Task directions:
Using the entries below, output each line exactly from the first through the one that contains "گردنبند طلا Love".

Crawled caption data
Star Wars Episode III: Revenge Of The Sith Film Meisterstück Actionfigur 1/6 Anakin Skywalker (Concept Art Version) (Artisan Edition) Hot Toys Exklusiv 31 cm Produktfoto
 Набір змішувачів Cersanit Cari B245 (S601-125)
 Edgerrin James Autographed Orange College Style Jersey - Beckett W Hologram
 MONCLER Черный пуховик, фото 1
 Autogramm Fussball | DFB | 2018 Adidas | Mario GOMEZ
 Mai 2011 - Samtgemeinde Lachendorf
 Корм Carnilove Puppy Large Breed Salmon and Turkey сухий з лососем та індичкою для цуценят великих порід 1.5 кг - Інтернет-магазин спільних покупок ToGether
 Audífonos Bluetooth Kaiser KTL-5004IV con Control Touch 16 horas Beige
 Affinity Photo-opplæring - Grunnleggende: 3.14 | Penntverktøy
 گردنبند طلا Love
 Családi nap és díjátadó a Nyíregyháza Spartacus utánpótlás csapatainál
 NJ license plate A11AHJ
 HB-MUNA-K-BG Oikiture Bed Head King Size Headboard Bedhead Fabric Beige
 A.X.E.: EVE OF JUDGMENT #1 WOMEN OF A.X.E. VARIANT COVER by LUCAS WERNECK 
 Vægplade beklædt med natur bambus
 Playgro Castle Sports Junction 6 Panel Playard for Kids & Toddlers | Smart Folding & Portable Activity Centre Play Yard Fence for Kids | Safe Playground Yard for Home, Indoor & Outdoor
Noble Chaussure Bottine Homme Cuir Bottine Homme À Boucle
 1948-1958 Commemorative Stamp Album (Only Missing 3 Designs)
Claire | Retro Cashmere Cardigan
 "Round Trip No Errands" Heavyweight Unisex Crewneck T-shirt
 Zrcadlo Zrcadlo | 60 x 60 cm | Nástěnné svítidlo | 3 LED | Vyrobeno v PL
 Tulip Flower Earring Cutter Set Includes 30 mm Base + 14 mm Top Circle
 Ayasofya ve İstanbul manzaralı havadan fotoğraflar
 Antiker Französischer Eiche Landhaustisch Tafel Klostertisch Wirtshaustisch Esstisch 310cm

Output for this task:
Star Wars Episode III: Revenge Of The Sith Film Meisterstück Actionfigur 1/6 Anakin Skywalker (Concept Art Version) (Artisan Edition) Hot Toys Exklusiv 31 cm Produktfoto
 Набір змішувачів Cersanit Cari B245 (S601-125)
 Edgerrin James Autographed Orange College Style Jersey - Beckett W Hologram
 MONCLER Черный пуховик, фото 1
 Autogramm Fussball | DFB | 2018 Adidas | Mario GOMEZ
 Mai 2011 - Samtgemeinde Lachendorf
 Корм Carnilove Puppy Large Breed Salmon and Turkey сухий з лососем та індичкою для цуценят великих порід 1.5 кг - Інтернет-магазин спільних покупок ToGether
 Audífonos Bluetooth Kaiser KTL-5004IV con Control Touch 16 horas Beige
 Affinity Photo-opplæring - Grunnleggende: 3.14 | Penntverktøy
 گردنبند طلا Love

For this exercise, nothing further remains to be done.